Former Republican Sen. David Perdue was confirmed in a 67-29 vote. Fifty-one Republicans, including Utah GOP Sens. Mike Lee and John Curtis — voted in favor of the onetime Georgia senator, as did 15 Democrats and one independent.
President Donald Trump handpicked Perdue to navigate foreign policy with one of the biggest American adversaries and trading partners in December. That was months before Trump entered a trade war with China, slapping 145% tariffs on Chinese imports. Beijing reciprocated and levied a 125% tax on American products.
The Trump White House anticipates China will cave in the coming days. “I think that over time we will see that the Chinese tariffs are unsustainable for China,” U.S. Treasury Secretary Scott Bessent told reporters Tuesday.
“They sell almost five times more goods to us than we sell to them. So the onus will be on them to take off these tariffs.

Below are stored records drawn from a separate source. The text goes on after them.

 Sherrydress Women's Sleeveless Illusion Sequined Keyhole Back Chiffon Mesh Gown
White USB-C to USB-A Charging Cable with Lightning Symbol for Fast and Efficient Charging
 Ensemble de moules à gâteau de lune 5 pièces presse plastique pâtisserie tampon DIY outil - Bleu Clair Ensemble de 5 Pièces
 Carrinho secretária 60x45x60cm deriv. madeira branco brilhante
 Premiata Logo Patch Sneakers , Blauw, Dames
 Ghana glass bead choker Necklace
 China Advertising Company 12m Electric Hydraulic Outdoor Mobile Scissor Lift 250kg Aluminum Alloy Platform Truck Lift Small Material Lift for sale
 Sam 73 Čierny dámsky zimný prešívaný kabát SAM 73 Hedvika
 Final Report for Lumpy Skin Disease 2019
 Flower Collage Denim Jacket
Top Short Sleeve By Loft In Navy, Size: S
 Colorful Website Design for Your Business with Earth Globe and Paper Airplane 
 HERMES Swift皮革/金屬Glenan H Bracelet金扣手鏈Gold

They’re unsustainable for them,” he said.
The ‘anti-China’ hawk
Curtis sat down with Perdue a week into the Trump presidency to talk about ways to deter China and better support American priorities.
“The United States’ dependence on China in critical areas— like microchips and the minerals needed for our defense systems —gravely jeopardizes our economic and national security," he wrote in a social media post.
Perdue has been labeled an “anti-China” hawk by Chinese think tanks for his time in Congress, where he sounded the alarm about China’s rapidly developing military capabilities.
“They want a world more in line with their authoritarian principles,” he said during his confirmation hearing, indicating that “a new kind of war” is brewing.
David Perdue’s approach to China
He laid out his vision for U.S.-China relations during his confirmation hearing in front of the Senate Foreign Relations Committee earlier this month.
“Our approach to China should be nuanced, nonpartisan and strategic,” he said. Perdue promised to dissuade “China’s penetration into our power grid, our ports and our personal lives” and prioritize eliminating fentanyl precursors, all through diplomacy so as not to compromise American national economic interests.
Before his time in Congress, Perdue served as the CEO of Dollar General, and had stints at Sara Lee and Reebok, giving him plenty of exposure to the inner workings of the global supply chain.
Sen. Jim Risch, R-Idaho, chairman of the Senate Foreign Relations Committee, gave remarks in support of Perdue ahead of his confirmation vote Tuesday.
“Today, we’ve seen over the last recent decades China move from a third-world country to a near-peer to the United States,” he said. “This has brought China to the challenging competitor they are for the United States, yet they are very different from us.”
Beijing doesn’t follow the same rules of the free market, capitalism and human rights, Risch said before adding that Trump ought to be “tough on China.”
The work is cut out for Perdue, too, the Idaho senator said.
China will have done its research on the incoming ambassador. But as Dennis Wilder, a former director for China at the National Security Council under George W. Bush, told Politico that Beijing probably has bigger questions, like whether Perdue could facilitate a back channel communication between China and the White House.